Verteidigungsminister wartet erneut mit veränderter Sprachregelung zum Krieg in Afghanistan auf *

Nach dem Tod von drei deutschen Soldaten nahe Kundus hat Bundesverteidigungsminister zu Guttenberg die Kämpfe in Afghanistan als »Krieg« bezeichnet. Zugleich verteidigte er den Afghanistan-Einsatz der Bundeswehr und die neue deutsche Strategie am Hindukusch.

Die Bundesregierung will trotz der schweren Verluste der Bundeswehr im Kampf mit den Taliban an ihrer Afghanistan-Strategie festhalten. »Wir bleiben in Afghanistan«, sagte Verteidigungsminister Karl-Theodor zu Guttenberg (CSU) am Sonntag in Bonn. Gleichzeitig sprach er erstmals davon, dass sich die Bundeswehr am Hindukusch im Krieg befinde. Zuvor lautete die Sprachregelung »kriegsähnliche Zustände«. Guttenberg betonte aber, dass es sich um eine umgangssprachliche und keine juristische Bewertung handele.

Zwei Tage nach dem bislang schwersten Gefecht der Bundeswehr in ihrer Geschichte nahmen die Soldaten im Feldlager Kundus am Ostersonntag Abschied von ihren getöteten Kameraden. Der Zustand der vier Schwerverletzten war stabil. Am Karfreitag war eine Bundeswehr-Patrouille im Distrikt Char Darah nahe Kundus in stundenlange Gefechte verwickelt worden, wobei drei deutsche Soldaten getötet und acht weitere verletzt wurden. Der Angriff sei von einer »besonderen Perfidie« getragen gewesen, sagte Guttenberg, der seinen Urlaub in Südafrika wegen der Geschehnisse in Kundus abgebrochen hatte. »Es scheint nicht ganz zufällig auch der Karfreitag für einen auch in seiner Komplexität bemerkenswerten Anschlag gewählt worden zu sein.« Das Gefecht mache die Realität des Einsatzes in Afghanistan deutlich. »Auch wenn es nicht jedem gefällt, so kann man angesichts dessen, was sich in Afghanistan, in Teilen Afghanistans abspielt, durchaus umgangssprachlich – ich betone umgangssprachlich – in Afghanistan von Krieg reden.«

Guttenberg betonte, dass die im Januar beschlossene Afghanistan- Strategie mit einem stärkeren Schwerpunkt auf Ausbildung auch in der Fläche nicht infrage stehe. Er wies darauf hin, dass die vollständige Umsetzung dieser Strategie erst im Sommer oder Herbst erfolge. Der Verteidigungsminister wies auch die Kritik des früheren Generalinspekteurs Harald Kujat zurück, die schweren Verluste der Bundeswehr seien auf das Fehlen moderner Aufklärungssysteme zurückzuführen.

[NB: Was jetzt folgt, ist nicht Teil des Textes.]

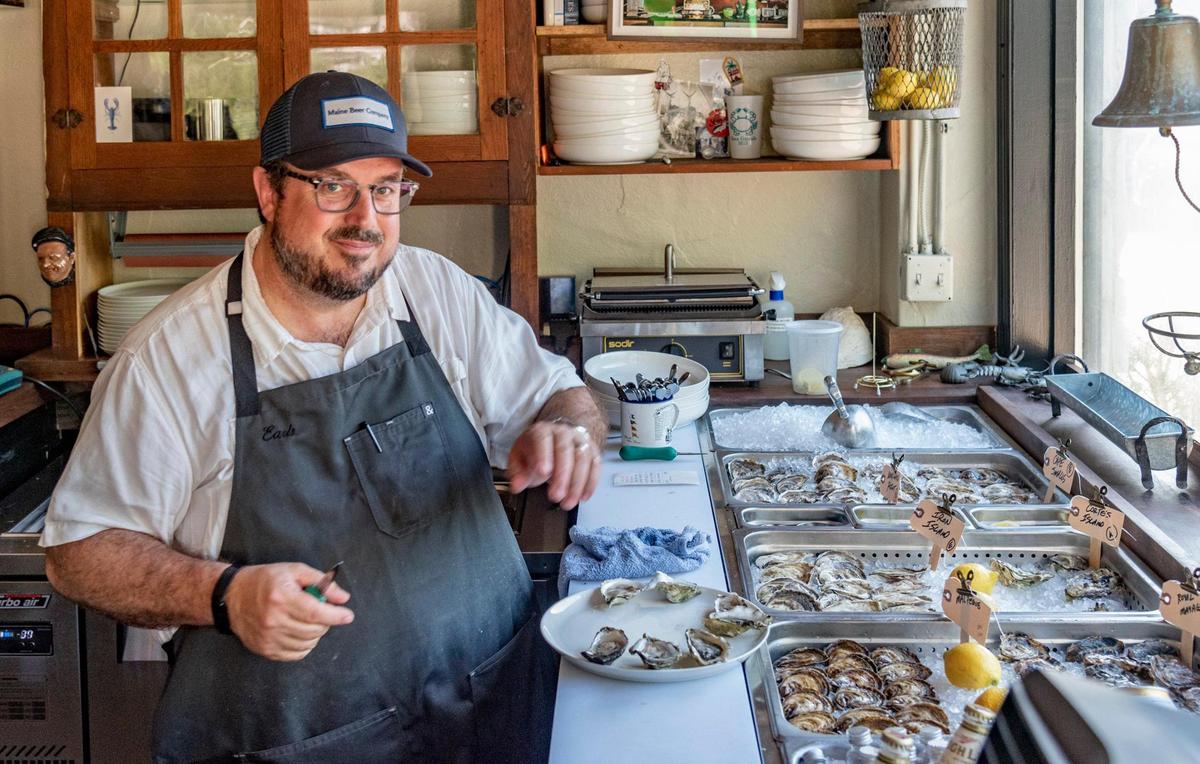 Co-owner Cory Dannehl prepares oysters at Earl’s Premier.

Der Tod von sechs afghanischen Soldaten durch Schüsse der Bundeswehr wird ein juristisches Nachspiel in Deutschland haben. Der Generalbundesanwalt habe den Gesamtfall an sich gezogen, berichtete Guttenberg. Es sei »ausgesprochen ärgerlich, wenn so etwas passiert«. Entwicklungsminister Dirk Niebel (FDP), der sich gerade in Afghanistan aufhält, sagte bei der Trauerfeier, »die deutschen Soldaten lassen sich durch noch so heimtückische Gewalt nicht beeinflussen«.

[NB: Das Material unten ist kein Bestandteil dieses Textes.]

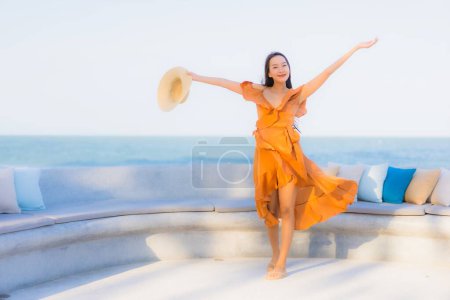 Foto de Retrato hermosa joven asiática mujer feliz sonrisa alrededor de mar océano playa y azul cielo para vacaciones de ocio - Imagen libre de derechos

Der afghanische Präsident Hamid Karsai hat den Start einer geplanten Großoffensive gegen die Taliban in Kandahar von der Zustimmung örtlicher Stammesführer abhängig gemacht. »Ohne eure Einwilligung wird es in Kandahar keine Militäroperation geben«, sagte Karsai nach einem Bericht des Senders CNN am Sonntag vor mehr als 1000 Stammesältesten in der Südprovinz. US-Generalstabschef Mike Mullen hatte erst vor wenigen Tagen in Kabul angekündigt, internationale und afghanische Truppen würden in den kommenden Monaten in Kandahar massiv gegen Taliban vorgehen.

Zuvor hatte Karsai für Ärger in Washington gesorgt, als er behauptet hatte, hinter den massiven Manipulationen bei der Präsidentenwahl im August steckten Ausländer. Gegenüber US-Außenministerin Hillary Clinton bestritt er dies anschließend und sagte, er habe bei seiner Kritik die USA überhaupt nicht im Visier gehabt. Gemeint gewesen seien stattdessen die westlichen Medien und ihre Berichterstattung über die Wahl.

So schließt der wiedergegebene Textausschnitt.